Junior golfer makes ace, albatross ... in back-to-back holes

AJGA

Junior golfer makes ace, albatross ... in back-to-back holes

Junior

Junior golfer makes ace, albatross ... in back-to-back holes

Remember a couple of years ago when junior golfer Mason Nome made a hole-in-one and an albatross in the same round while playing casually in Texas? Well, on Thursday another junior golfer achieved the feat.

Only this time, the kid made his ace and albatross in a competitive round and in back-to-back holes.

Conor Kelly, a 16-year-old from Bangkok, Thailand, was competing Thursday in the final round of the AJGA Junior Golf Hub Championship at 6,711-yard Country Club of Halifax (Mass.) when he stepped on the eighth tee at 13 over for the tournament.

With two swings of the golf club, he was suddenly 8 over.

On the 198-yard par-3 eighth hole, Kelly pured a 5-iron that cut softly right at the hole.

“I didn’t see it go in, but when I walked up and saw it in the hole, it was a good feeling,” Kelly told Golfweek via phone.

It was Kelly’s first hole-in-one, but he kept the same ball in play for the next hole, the 480-yard, par-5 ninth, where Kelly hit driver to 220 yards to set up a 4-iron into the green.

“I didn’t hit it too well, so I thought it might come up short in the bunker,” Kelly said. “But then I got up there and it wasn’t in the bunker. When I saw it in the hole, it was pretty crazy.”
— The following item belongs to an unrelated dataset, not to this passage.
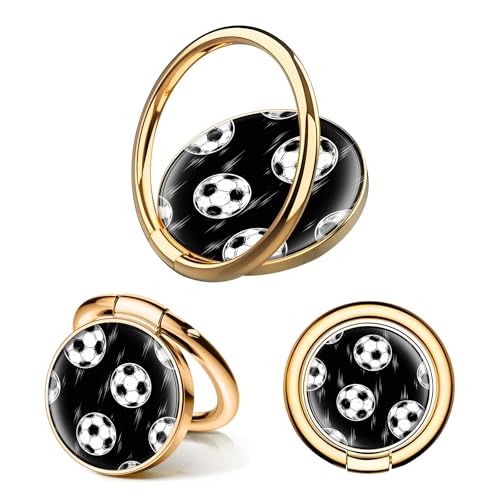 Cell Phone Ring Holder, Cute Phone Ring Grip Stand, 360°Rotation Funny Metal Kickstand Finger Grip Black White Soccer - color: Black White Soccer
The odds of making a hole-in-one are 12,000 to 1 for an average golfer and 3,000 to 1 for a Tour pro, according to the National Hole-in-one Registry. The odds of making an albatross are considered by many to be around a million to 1. There is no known number for making both in the same round, let alone in consecutive holes, which has to be astronomical.
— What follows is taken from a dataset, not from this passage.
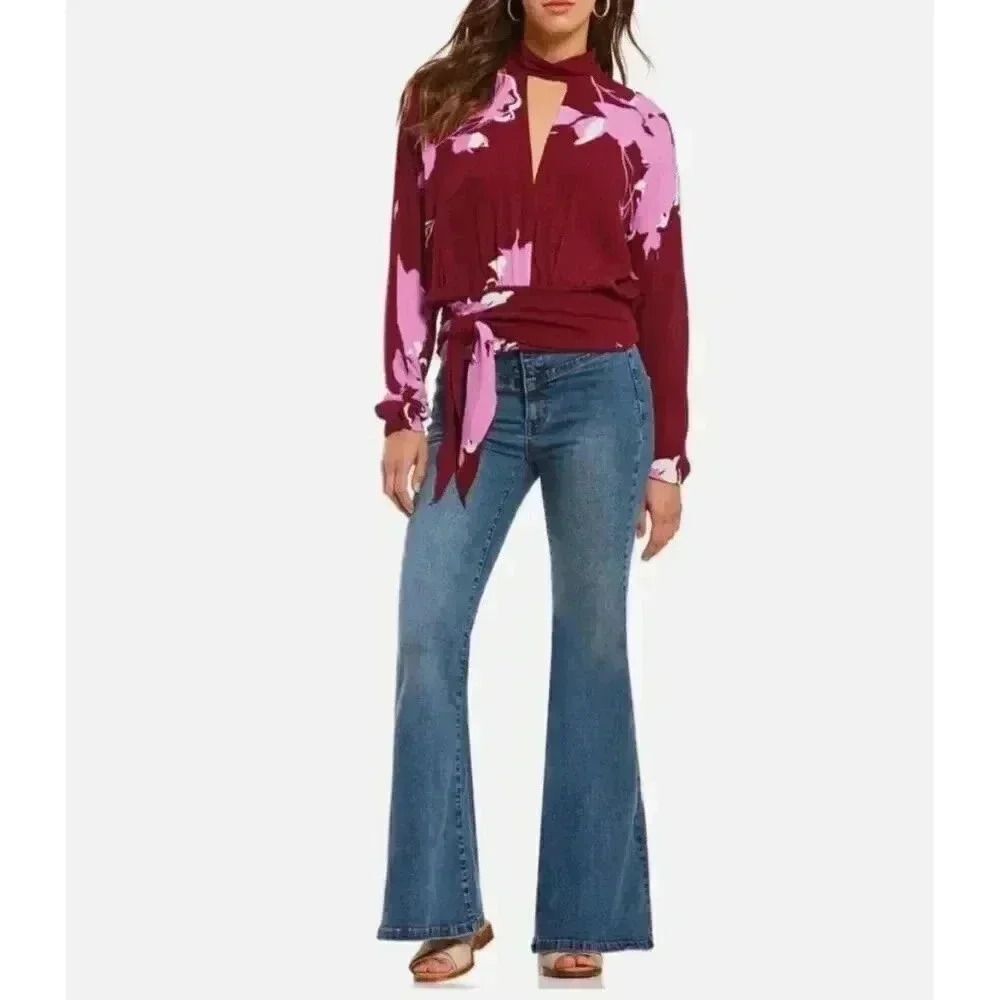 Free People Say You Love Me Blouse In Plum Size Small Floral Gauzy Formal Boho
Kelly, a Class of 2019 golfer who has yet to commit (he is visiting Boston College on Monday), went on to birdie the next hole, the par-4 10th, for the rare 1-2-3 on the scorecard. He finished the round at 5-under 67 – and with the same ball.

“I thought it might be a bit of good luck,” Kelly said. “So I just rolled with it, tried to hit good shots and hoped I didn’t lose it.”

Now, though, the ball will go on his shelf with the rest of his golf ball collection. He used to collect balls from every course he played. He also has several autographed balls, including two from Sergio Garcia.

Sorry, Sergio, but this latest ball trumps your two.